Molecules Binding #1: An introduction to Drug Discovery

Sofia Guerreiro
Sofia Guerreiro Co-author
Cristiana Carpinteiro
Cristiana Carpinteiro Co-author

In this series of blog posts, we are going to explore how AI, in particular, geometric deep learning, can speed up drug discovery. We’ll dive deep on one specific case: how Graph Neural Networks can predict binding affinity, a key measure in the drug development process. But before delving into the technical details, let’s understand why this topic is so relevant.

Molecules Binding #1: An Introduction to Drug Discovery

Developing new drugs is hard…

The process of developing new drugs is very slow and costly, with each new drug development cycle taking 10~17 years and costing approximately 2.600 million US dollars. [1]

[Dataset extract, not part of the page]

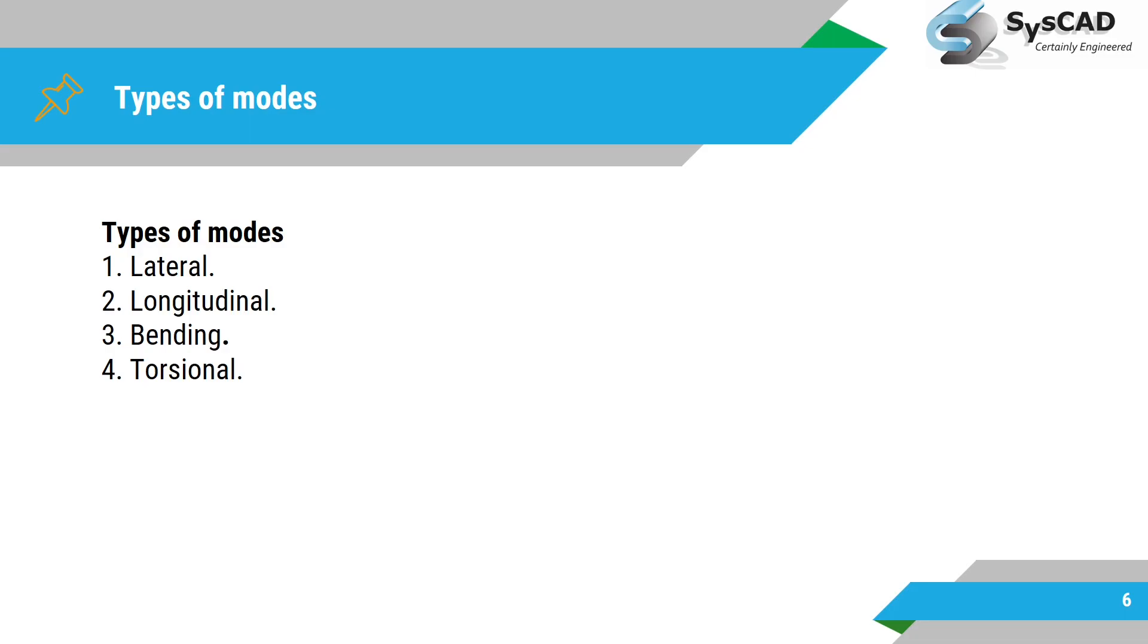Types of modes: we have lateral mode, then longitudinal mode, then bending mode and torsional mode. We will see these modes in detail when we solve a demo problem.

The first 3-5 years are spent researching and testing up to 10.000 potential drug candidates to find effective and safe drugs that can treat specific diseases. Then, the chosen drugs undergo extensive preclinical testing in laboratories and animals to assess safety and efficacy. If successful, the drugs move on to clinical trials, where they are tested in human volunteers through multiple phases. These trials can take several years to complete. Afterward, all the data is reviewed by regulatory authorities to make sure the drug is safe and effective (Fig. 1). [2]

Fig. 1: Schematic representation of the drug development timeline. Figure from Matthews, Holly, James Hanison, and Niroshini Nirmalan. “ “Omics”-informed drug and biomarker discovery: opportunities, challenges and future perspectives.” Proteomes 4.3 (2016): 28.

This whole process is extremely rigorous, and the time it takes from fundamental research to releasing life-changing medicine can be truly discouraging. A lot of effort has been put into accelerating different steps of this cycle, from refining laboratory drug testing to eliminating the need for animal trials. How can we accelerate this process?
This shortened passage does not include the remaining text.